Your hope p.s. is shared, but your optimism not—Parl.Lab. have been particularly ill-disposed to giving Corbyn a clean run from the beginning. Labour disarray is the whole of the news cycle, at least this weekend, so they've really decided to burn things down at the worst possible point. The Scotland/EU and Northern Ireland/who-even-knows parts of the scenario are baffling. Those are things that should rally have been through through, give that devolution is tethered to some EU stuff I don't quite understand but the "professionals" really should. I think the Conservative and Unionist Party might have actually shredded the union itself, even if nobody deliberately adds to that particular bonfire.

Agree with your heat/light point. Analogies are really comforting, though, like all good traps.

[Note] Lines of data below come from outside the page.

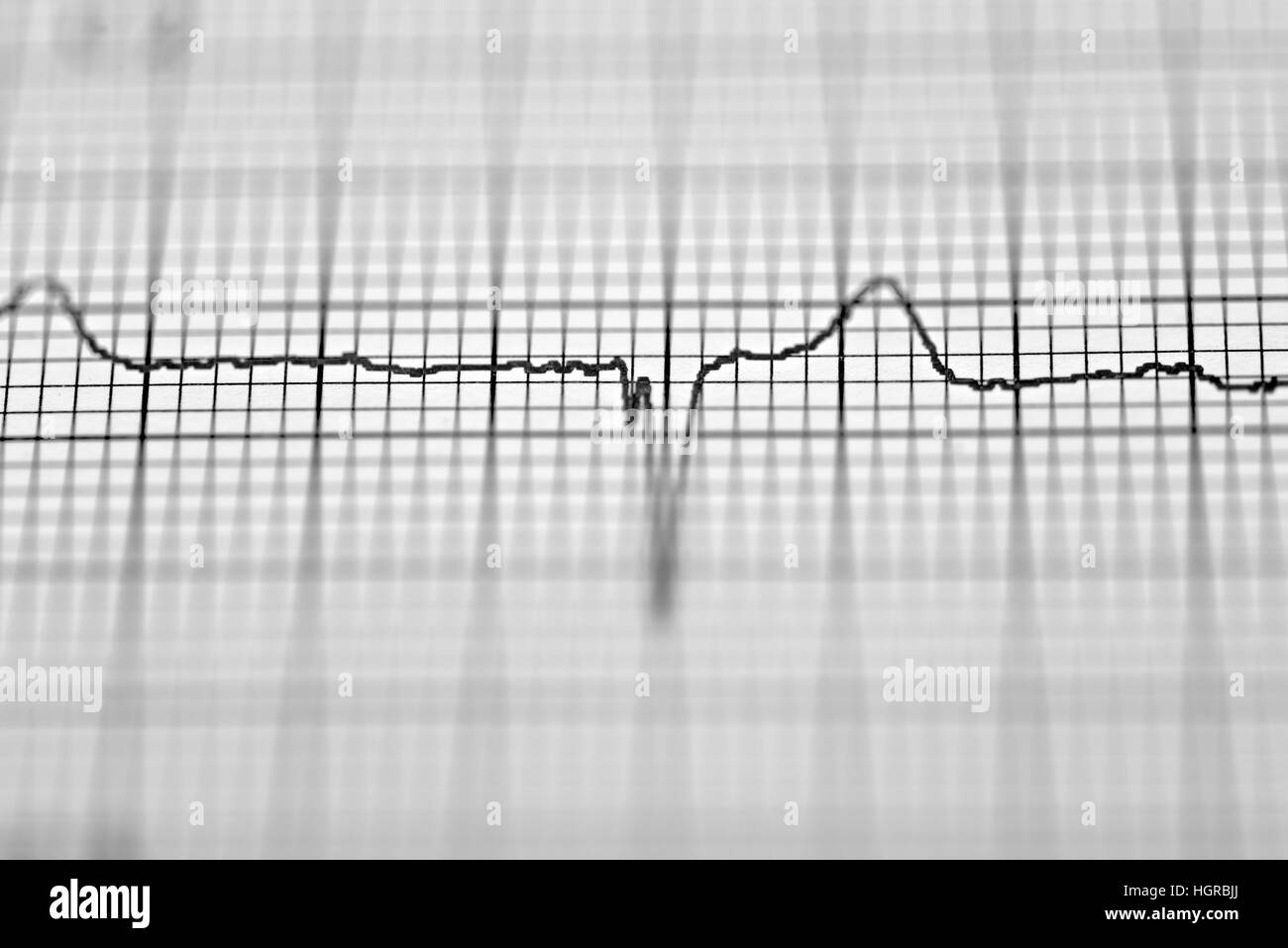 Electrocardiogram ekg graph printout Black and White Stock Photos ...
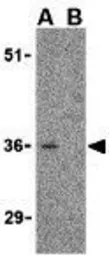 Anti-CTRP3 antibody used in Western Blot (WB). GTX85505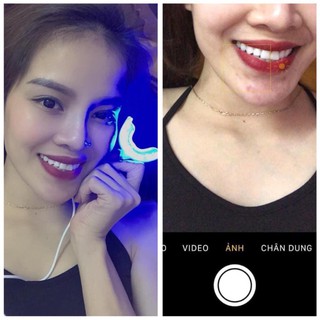 [Sốc] Máy tẩy trắng răng Nhật Bản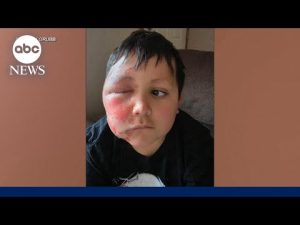 Read more about the article Mom shares warning after son is severely burned following social media trend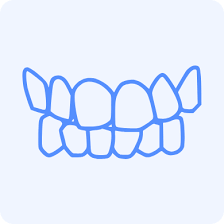 Dental Bite and Occlusion 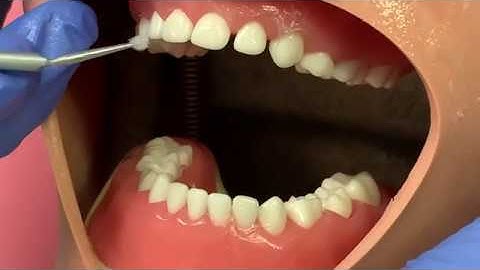 How to apply Silver Diamine Fluoride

+6 points for "shenanigans".

Dale Carrico said...

Hey, you know I'm quite the shenaniguy.

jollyspaniard said...

I don't think the EU is as undemocratic as people say it is. The EU can't be compared to a country. It isn't a nation and attempts to view it in those terms are doomed to lead you astray.

I agree the EU needs to evolve and change, so does everyone. That's pretty much a given, it's relatively new and arguably the most complex political project in history. This evolution will be guided by understanding not by any viewpoint that can be summed up on a cocktail napkin.

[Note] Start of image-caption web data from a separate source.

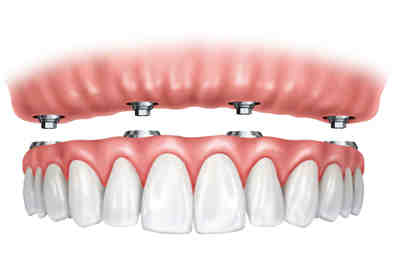 How much is a dental implant for one tooth in Michigan?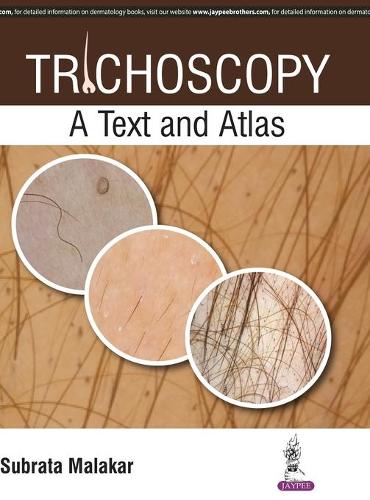 Бумажная книга «Trichoscopy: A Text and Atlas», автор Субрата Малакар - фото №1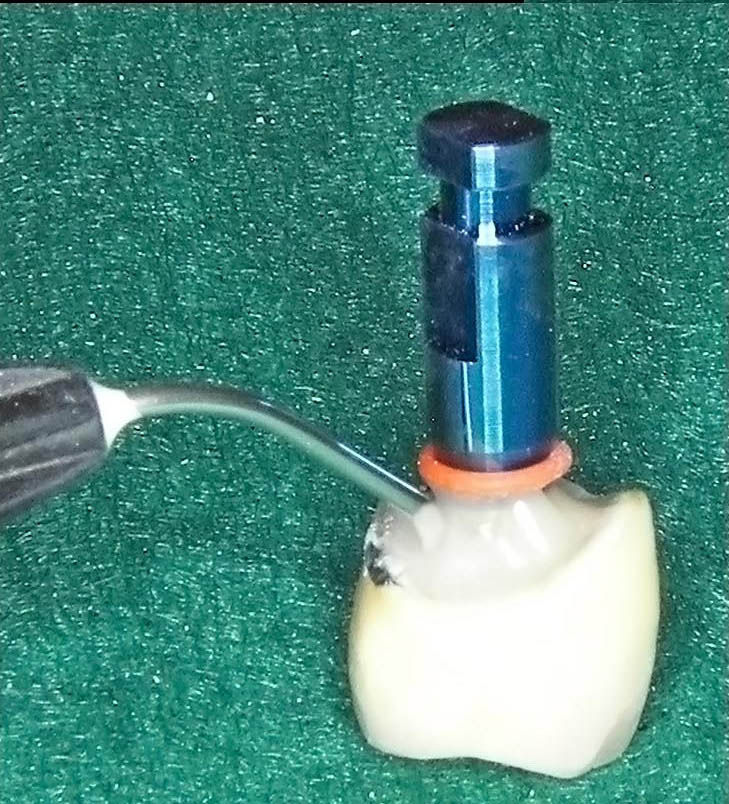 Image courtesy of: Dr. Guillermo Cabanes Gumbau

The main point about EU's democracy is to build consensus across three dozen countries (not every country in the EU's orbit is a member state). Nobody is ever thrilled with the results of these compromises and to quote Tyrian Lannister that means it's probably a good compromise. The EU has been neoliberal because most EU states have been neoliberal, not the other way around. That may be changing, just take a look at the most recent EU election.

The winner take all approach you see in the American or British system *can't* work in Europe. Imagine 20-25% of the EU's population winning a single election, refusing to compromise with everyone else and acting with carte blanche authority to redefine the entire continent. That wouldn't just leave a few regions out of the loop but entire nations. The EU has been crafted to prevent that from ever happening.

Also bear in mind that the EU dominates countries that aren't in the EU (Switzerland and Turkey and a host of others). There's a lot of compromise and consensus building going on all the time with a very diverse set of nations and increasingly Africa is coming into the mix (yes very messy).

The most important decision making body in the EU are the 28 Prime Ministers. These people aren't appointed by EU bureaucrats, they are the elected head of state of their respective nations. There isn't a body of decision makers above them. This is why I have little patience with people who bleat about undemocratic decisions that the EU has imposed on them. Yes your Prime Minister didn't get a veto on how veggie burgers are packaged and labelled but yes they do have a veto on what is arguably The Most Important Stuff.

People bleat about evil bureaucrats. In my experience most bureaucrats are hard working, dedicated, passionate, under paid and unappreciated. It's the people using them as scapegoats that you have to watch out for. Bureaucratic nightmares exist but they more often than not they originated in the political process.

Lastly about Brexit. Brexit isn't about the EU or the UK's relationship with Europe. Brexit is the UK undergoing a crisis internal to itself. Perhaps the biggest irony of Brexit (it's a crowded field) is that it's making UK politics more European in nature. The biggest democratic deficit on display is in Westminster where 100,000 people are about to decide who the next head of state is. This is an untenable position.

PS A little known fact about the conservative party. Most of their donations come from the estates of deceased supporters. They are quite literally a zombie party.






Dale Carrico said...

I appreciate all this, thank you for it, it's helpful -- especially generous inasmuch as this is coming on the heels of a rather ill-considered post in what feels like another world by now!